今回プロローグ版で確認できた部分では、各主人公がつかず離れず絶妙な交わり具合で物語は進みます。どの主人公も一癖二癖ある個性的なキャラクターに仕上がっていて、短いプレイ時間の中でも特徴をすぐに覚えられると思います。
時代設定は過去から現在、そして未来までを含んでいて、複雑な物語が紡がれますが群像劇形式で整理されているため、ただ難解なだけでなく魅力的なシナリオとなっています。本作でも既にその片鱗を見せており、15分程度のキャラ別シナリオは全て先が気になるいい所で終わってしまうので、予告編としての役割を十分果たしており本編への期待感を煽ってくれます。
難易度は易しめのわかりやすいADV
プロローグ版ならではという可能性もありますが、プレイできる範囲においては難易度は優しめです。一般的なノベル型アドベンチャーとは異なり、自分でキャラクターを操作して話かける対象を選んだり、入手したキーワードの説明を読んだり、キーワードをキャラクターにぶつけてストーリーを進めるというシステムは、適度にプレイヤーを物語に介入させてくれます。

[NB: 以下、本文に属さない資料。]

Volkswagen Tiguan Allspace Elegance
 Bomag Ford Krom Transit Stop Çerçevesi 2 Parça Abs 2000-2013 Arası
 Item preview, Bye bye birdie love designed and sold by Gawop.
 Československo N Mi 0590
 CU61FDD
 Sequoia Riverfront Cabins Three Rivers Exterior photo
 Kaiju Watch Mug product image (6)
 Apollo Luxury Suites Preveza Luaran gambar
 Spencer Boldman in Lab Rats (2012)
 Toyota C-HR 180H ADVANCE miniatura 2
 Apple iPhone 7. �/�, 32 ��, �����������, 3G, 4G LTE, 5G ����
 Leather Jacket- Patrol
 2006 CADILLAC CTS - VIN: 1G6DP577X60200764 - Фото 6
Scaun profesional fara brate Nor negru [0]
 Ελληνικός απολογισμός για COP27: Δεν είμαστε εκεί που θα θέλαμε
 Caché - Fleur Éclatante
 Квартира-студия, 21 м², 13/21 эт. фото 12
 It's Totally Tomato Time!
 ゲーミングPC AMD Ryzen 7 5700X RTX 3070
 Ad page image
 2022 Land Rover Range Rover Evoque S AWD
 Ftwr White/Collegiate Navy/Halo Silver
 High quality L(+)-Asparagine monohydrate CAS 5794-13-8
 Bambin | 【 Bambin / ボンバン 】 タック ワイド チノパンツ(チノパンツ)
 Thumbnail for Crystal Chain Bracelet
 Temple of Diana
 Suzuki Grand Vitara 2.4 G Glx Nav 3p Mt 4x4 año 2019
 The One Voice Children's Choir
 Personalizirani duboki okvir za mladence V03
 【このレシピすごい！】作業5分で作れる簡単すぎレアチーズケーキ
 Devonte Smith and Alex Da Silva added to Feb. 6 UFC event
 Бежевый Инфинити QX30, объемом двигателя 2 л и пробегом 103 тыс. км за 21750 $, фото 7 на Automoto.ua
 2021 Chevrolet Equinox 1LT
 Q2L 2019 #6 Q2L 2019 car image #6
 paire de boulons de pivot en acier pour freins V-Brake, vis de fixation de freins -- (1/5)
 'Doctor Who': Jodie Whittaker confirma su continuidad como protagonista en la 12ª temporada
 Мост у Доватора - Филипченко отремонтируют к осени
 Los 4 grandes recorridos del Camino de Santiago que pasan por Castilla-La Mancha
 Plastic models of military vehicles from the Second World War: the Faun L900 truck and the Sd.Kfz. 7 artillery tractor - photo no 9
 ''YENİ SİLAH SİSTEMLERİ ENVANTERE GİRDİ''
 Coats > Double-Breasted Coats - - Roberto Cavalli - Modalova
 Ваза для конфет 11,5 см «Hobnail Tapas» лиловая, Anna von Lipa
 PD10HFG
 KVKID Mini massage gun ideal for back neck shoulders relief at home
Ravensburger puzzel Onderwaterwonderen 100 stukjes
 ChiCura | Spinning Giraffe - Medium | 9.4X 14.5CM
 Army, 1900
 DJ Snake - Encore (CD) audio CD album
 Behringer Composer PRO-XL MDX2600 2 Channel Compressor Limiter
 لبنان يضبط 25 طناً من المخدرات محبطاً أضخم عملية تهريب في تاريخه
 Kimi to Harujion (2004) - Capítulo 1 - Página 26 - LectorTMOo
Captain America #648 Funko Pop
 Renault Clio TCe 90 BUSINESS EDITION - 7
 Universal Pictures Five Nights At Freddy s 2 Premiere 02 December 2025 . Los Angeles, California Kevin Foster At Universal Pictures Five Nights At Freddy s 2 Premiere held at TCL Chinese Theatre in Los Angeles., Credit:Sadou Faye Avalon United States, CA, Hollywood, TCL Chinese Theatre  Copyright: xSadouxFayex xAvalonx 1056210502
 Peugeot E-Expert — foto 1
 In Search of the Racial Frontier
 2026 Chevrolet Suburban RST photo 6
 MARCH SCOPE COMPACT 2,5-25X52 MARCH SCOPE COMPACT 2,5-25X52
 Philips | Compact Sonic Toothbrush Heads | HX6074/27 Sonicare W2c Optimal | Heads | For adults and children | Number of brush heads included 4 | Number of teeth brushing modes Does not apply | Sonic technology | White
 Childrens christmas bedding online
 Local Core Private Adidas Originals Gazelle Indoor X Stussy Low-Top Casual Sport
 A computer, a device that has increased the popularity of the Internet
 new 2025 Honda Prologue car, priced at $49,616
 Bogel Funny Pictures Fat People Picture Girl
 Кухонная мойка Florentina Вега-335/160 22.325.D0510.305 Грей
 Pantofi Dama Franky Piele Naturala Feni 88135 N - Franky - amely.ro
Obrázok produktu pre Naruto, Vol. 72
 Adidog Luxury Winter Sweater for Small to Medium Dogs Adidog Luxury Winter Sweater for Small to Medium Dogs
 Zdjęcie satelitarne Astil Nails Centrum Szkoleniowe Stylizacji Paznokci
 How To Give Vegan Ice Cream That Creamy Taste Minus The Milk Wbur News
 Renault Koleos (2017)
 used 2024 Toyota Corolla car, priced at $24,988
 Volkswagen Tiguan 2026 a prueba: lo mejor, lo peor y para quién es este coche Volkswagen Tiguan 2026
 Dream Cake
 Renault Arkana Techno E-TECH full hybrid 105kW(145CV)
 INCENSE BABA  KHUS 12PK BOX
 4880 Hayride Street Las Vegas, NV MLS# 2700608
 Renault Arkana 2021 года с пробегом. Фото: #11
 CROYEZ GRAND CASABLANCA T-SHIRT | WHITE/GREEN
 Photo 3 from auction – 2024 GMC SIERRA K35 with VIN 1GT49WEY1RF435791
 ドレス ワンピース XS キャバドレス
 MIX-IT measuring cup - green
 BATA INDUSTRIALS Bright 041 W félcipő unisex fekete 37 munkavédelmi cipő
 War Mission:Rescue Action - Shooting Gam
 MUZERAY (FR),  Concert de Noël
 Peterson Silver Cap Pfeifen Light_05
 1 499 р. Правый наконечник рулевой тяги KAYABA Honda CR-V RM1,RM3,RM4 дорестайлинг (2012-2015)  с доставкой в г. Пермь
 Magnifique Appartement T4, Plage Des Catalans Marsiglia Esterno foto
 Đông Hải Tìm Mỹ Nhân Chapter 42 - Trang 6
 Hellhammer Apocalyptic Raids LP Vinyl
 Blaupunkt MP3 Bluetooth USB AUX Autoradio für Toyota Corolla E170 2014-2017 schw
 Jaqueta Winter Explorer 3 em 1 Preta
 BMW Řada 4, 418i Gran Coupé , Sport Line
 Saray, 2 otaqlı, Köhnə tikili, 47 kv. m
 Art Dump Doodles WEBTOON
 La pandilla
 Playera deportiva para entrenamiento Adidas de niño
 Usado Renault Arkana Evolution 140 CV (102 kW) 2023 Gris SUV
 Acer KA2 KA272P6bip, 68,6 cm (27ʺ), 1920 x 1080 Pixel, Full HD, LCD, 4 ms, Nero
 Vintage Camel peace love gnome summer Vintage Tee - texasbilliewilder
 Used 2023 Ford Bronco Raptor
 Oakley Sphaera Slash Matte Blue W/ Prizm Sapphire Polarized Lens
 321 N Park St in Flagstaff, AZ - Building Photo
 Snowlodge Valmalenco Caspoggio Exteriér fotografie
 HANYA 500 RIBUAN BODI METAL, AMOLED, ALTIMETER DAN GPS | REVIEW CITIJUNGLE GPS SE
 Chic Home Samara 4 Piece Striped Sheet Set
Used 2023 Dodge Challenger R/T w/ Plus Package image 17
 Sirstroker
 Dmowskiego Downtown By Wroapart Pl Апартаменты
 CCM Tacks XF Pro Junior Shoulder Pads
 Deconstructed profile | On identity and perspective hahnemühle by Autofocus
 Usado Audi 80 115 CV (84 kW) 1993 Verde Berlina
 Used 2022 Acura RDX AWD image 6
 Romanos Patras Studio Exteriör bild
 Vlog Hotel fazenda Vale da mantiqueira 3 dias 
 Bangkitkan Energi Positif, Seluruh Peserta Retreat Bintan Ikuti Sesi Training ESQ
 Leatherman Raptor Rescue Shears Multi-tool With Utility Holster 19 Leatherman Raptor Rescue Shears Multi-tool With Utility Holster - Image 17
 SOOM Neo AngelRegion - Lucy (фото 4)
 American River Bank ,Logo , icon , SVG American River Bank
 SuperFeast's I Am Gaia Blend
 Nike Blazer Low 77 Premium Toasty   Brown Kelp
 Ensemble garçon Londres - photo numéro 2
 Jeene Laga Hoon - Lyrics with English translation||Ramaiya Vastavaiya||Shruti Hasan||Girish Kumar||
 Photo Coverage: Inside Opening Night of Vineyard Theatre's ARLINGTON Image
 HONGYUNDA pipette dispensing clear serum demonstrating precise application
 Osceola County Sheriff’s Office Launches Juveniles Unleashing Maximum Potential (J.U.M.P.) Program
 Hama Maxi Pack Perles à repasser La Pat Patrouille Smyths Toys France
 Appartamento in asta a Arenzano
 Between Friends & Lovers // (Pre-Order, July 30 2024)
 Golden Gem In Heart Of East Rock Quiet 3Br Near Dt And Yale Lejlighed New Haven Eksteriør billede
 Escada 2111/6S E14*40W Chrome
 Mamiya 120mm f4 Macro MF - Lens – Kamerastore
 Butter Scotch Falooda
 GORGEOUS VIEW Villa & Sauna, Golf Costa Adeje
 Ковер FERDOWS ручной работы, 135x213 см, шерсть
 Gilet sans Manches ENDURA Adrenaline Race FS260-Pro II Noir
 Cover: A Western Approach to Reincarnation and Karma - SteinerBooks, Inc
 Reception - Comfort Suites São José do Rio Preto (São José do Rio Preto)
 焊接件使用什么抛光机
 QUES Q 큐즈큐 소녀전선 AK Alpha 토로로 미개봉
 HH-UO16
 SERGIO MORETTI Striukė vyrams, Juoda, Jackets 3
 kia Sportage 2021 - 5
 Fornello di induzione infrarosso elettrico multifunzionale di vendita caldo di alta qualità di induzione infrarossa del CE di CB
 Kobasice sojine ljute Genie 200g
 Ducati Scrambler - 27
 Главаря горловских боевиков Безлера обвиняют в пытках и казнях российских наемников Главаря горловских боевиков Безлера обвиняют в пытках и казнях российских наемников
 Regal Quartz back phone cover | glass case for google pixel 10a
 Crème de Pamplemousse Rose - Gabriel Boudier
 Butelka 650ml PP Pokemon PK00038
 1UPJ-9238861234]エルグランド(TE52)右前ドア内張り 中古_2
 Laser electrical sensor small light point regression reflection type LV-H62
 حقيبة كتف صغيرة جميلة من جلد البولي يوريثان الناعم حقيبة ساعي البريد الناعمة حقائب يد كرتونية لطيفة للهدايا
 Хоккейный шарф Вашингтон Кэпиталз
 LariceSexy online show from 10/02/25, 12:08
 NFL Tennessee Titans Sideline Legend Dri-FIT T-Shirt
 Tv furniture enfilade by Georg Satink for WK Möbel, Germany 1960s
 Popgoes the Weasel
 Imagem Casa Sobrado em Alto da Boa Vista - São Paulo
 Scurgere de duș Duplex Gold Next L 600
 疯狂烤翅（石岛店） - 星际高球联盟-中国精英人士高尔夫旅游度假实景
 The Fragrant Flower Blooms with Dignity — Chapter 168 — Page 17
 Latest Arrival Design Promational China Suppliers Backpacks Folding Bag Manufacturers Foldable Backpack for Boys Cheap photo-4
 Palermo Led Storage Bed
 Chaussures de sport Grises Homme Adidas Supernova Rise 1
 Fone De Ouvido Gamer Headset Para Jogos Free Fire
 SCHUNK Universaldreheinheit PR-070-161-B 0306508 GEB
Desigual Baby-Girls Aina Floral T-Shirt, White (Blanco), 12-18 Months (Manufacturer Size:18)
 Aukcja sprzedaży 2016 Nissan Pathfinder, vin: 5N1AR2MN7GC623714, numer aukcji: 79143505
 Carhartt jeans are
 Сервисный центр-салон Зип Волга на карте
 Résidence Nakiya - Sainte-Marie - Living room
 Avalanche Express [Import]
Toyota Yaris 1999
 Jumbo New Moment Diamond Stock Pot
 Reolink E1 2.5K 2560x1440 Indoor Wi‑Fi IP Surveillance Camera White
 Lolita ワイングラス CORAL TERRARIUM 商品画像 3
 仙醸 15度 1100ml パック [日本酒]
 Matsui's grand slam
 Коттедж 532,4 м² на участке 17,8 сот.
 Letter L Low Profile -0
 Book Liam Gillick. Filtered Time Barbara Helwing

一般的なアドベンチャーに搭載されているバックログ機能も用意されていて難解なストーリーを振り返ることができます。また、ストーリーは完全フルボイスというのも没入感を高めてくれます。13人による複雑な群像劇ではあるものの、徐々に操作できるキャラクターがアンロックされていくため、進行で詰まるというようなことはありませんでした。
職人技が光る精密なグラフィック
ヴァニラウェアといえば毎回やりすぎという程に緻密に描かれるグラフィックが特徴的な開発会社ですが、アドベンチャーとなった本作でもその職人技は健在でした。特に時代をまたぐ本作では、その時代における風景の空気感、文化などをうかがい知ることができるキャラクターの服装や小物など、どれもこだわりを感じることができます。
アドベンチャーということでキャラクターのアクションこそ少なめではありますが、テンポよく動き動き、仕草などもとても細かく見ているだけで癒されます。こうした繊細な映像であるが故に、アドベンチャーでありながら動かすことが楽しい作品に仕上がっていました。
Bad
体験版に近い内容なのは咎めない
本作は15分程度のシナリオが13人分ということで、クリアまでのトータルは3時間前後となります。クオリティは高いですが、時間的に短いという事実は感じるでしょう。一般的なアドベンチャーゲームの体験版ではこれくらいのプレイタイムとなるものが無料で配信されていたりもします。プロローグ版を入手する方法は複数(一番安価なDL版、コレクション用途のパッケージ版、お得に入手できる別タイトルへのおまけ収録)存在するため、自分にあった入手方法を考えみてください。
Evaluation
キャラクター、背景、ロボットなどの描き込みはヴァニラウェアならではの職人技が光る。同社開発では珍しいアドベンチャー形式の作品とう意味で新鮮さも感じる。SF色を全面に押し出し、タイムトラベルという魅力的な題材を13人の主人公による群像劇で描く複雑なシナリオには引き込まれた。一方、アドベンチャーとしては難易度の易しめでシステムも単純なものである。体験版に近い作りではあるが、本プロローグのテンションを維持できれば本編は間違いなく傑作となるであろう予感を感じさせる作品である。